Jazz may be miles away from pop in terms of financial power -- its intake roughly amounts to the change Pharrell Williams leaves behind in the couch cushions -- but its Twitter community reacted to this week’s “Blurred Lines” verdict, in which a jury compelled Williams and Robin Thicke to pay $7.4 million to the Gaye estate, like much of the music world: with a mostly appreciative indictment of Thicke, who is already easily pegged as an interloper for appropriating the sound of a legend like Marvin Gaye.

In the wake of the trial, the music industry has been feverishly speculating what, if anything, the jury’s decision might foretell for the future of creativity, both within and outside of the billion-dollar pop machine. But for a niche genre in which profit isn’t king, does such a verdict mean anything beyond its immediate consequences?

In the open-source, improvisation-powered jazz world, the individual voice is paramount. The list of brilliant composers in jazz runs just as long as in any other discipline, but the ability to distill your craft into a sonic fingerprint, a distinctive voice that can stand out in the most well-worn standard as much as your own work, is the ultimate, ever-evolving goal. (A day’s instruction in a class at the prestigious jazz program at Thelonious Monk Institute at UCLA, for example, tilts far less on technical prowess and more on how best to sound like yourself.)

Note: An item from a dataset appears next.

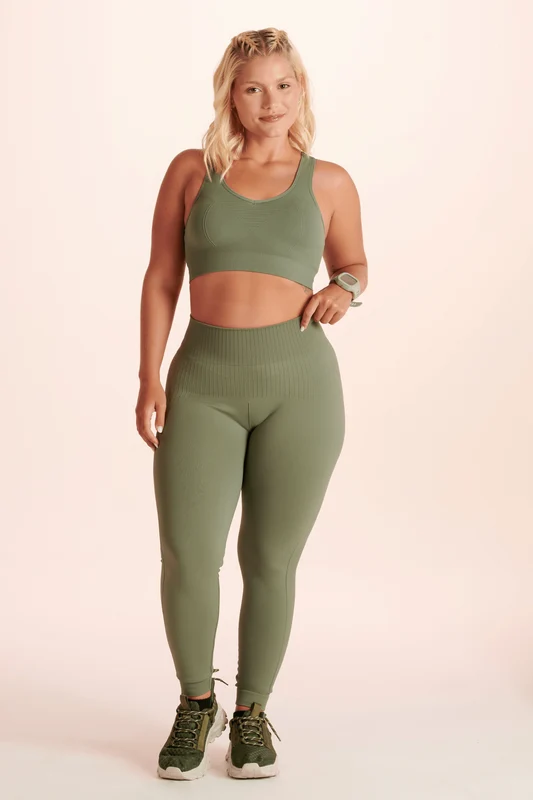 Calça Legging Seamless Basic Cacto - 4023 / P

Still, while capturing another artist’s “vibe” isn’t typically an artistic goal, it’s often employed as a reference point. Album-length tributes to legendary artists aren’t just common in jazz, they’re practically a business model. Saxophonists Joe Lovano and Rudresh Mahanthappa both issued albums inspired by Charlie Parker in recent years, but rather than attempting to replicate Bird’s sound, the records endeavored to build upon his legacy by filtering his work through their voices.

Lovano’s 2011 album primarily features reimagined covers of songs associated with Parker, but Mahanthappa freely acknowledges the tracks on his new album as entirely inspired by a Parker composition or solo. As he writes in the liner notes, “imitating Parker is of no consequence ... but developing new perspectives upon tradition is the substance of contemporary expression.”

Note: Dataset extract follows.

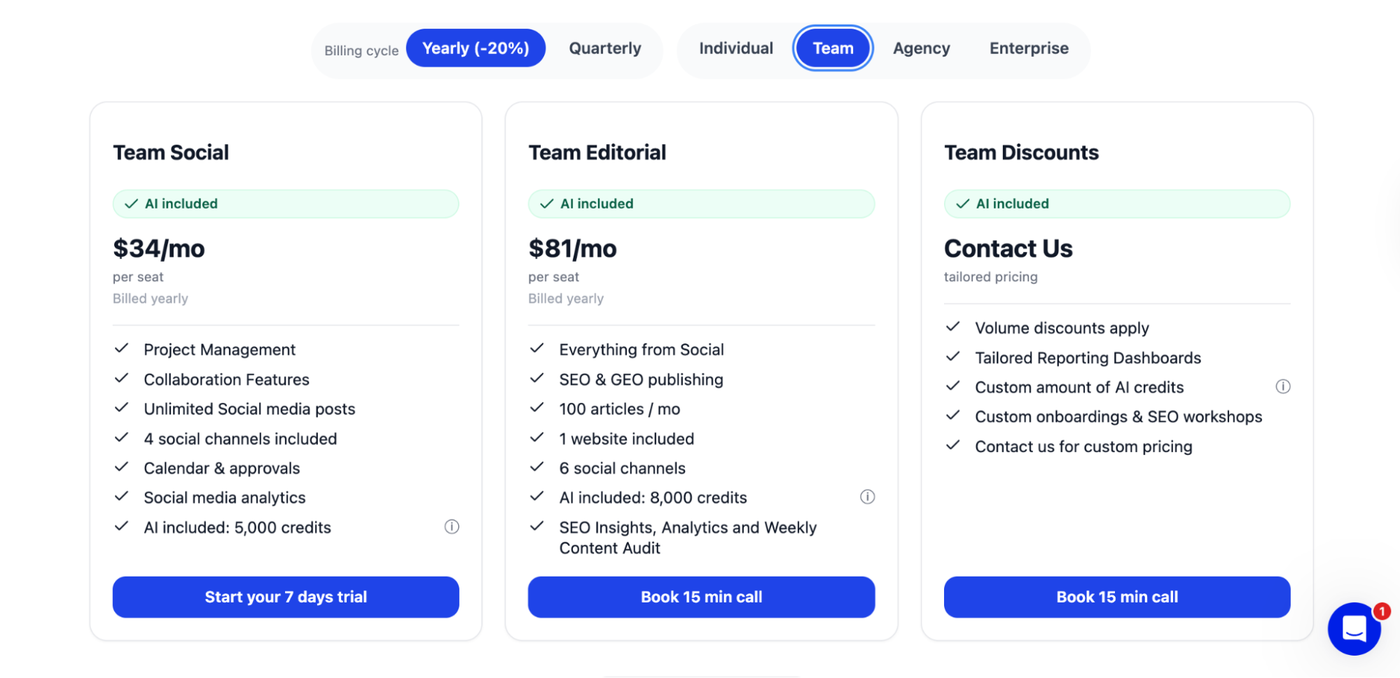 storychief pricing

As a result, Lovano’s “Bird Songs” and Mahanthappa’s “Bird Calls” may draw from the same source, but the two records sound entirely different.

On his terrific 2015 album “Break Stuff,” the pianist Vijay Iyer showcases his artistic identity through interpretations including those of the likes of John Coltrane’s “Countdown,” Billy Strayhorn’s “Blood Count” and, most remarkably, Detroit minimalist Robert Hood. Iyer’s piano trio conjures Hood’s spirit with an original composition that takes an off-kilter, acoustic approach to the producer’s electronic music. Should Hood’s camp call a lawyer? The song, simply titled “Hood,” discovers so much new ground that the idea of legal action is ludicrous. (And, to put it more cynically, it becomes even more so when you compare its potential revenue against that of a summer radio anthem such as “Blurred Lines.”)

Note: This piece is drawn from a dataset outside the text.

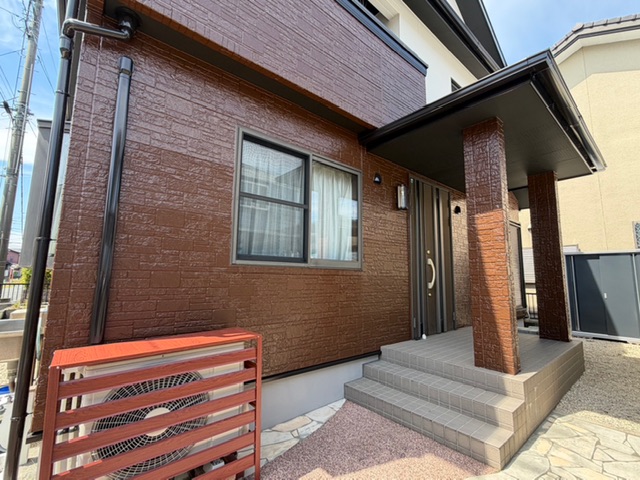 福岡県久留米市北野町-屋根塗装＆外壁塗装-施工後の外観3-S様邸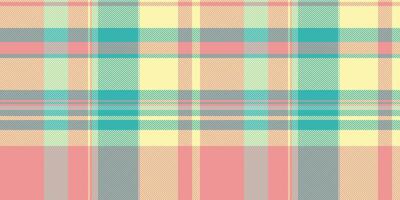 Pastel plaid pattern. Soft, springlike colors create a cheerful and versatile texture ideal for fashion, home decor, and website backgrounds. vector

Of course, the nature of jazz may be less subject to legal repercussions of evoking other artists’ works, but it’s not beyond commentary. Last year, jazz ensemble Mostly Other People Do the Killing released “Blue,” a note-for-note homage of Miles Davis’ “Kind of Blue” that was so meticulous it recalled Gus Van Sant’s shot-by-shot remake of “Psycho.” The record offered a wry criticism of the industry’s reliance upon familiar names to sell records but also rendered an artful encapsulation of the ghost in the machine that’s inescapable in the best of jazz. Does “Blue” sound exactly like “Kind of Blue”? Of course not. Inevitably each musician’s individuality -- his or her vibe, if you will -- could never be erased.

With such an emphasis on pursuing and refining an individual’s creative voice, jazz is mostly immune to any lingering fallout from Tuesday’s verdict. You want to write a song that evokes “A Love Supreme” while not crediting the source? Why bother in a genre where covers are accepted, even encouraged, particularly if you are bold enough to add something to the text through improvisation and innovation. In jazz, the lines marking a composition’s borders are far more blurred, and better for it.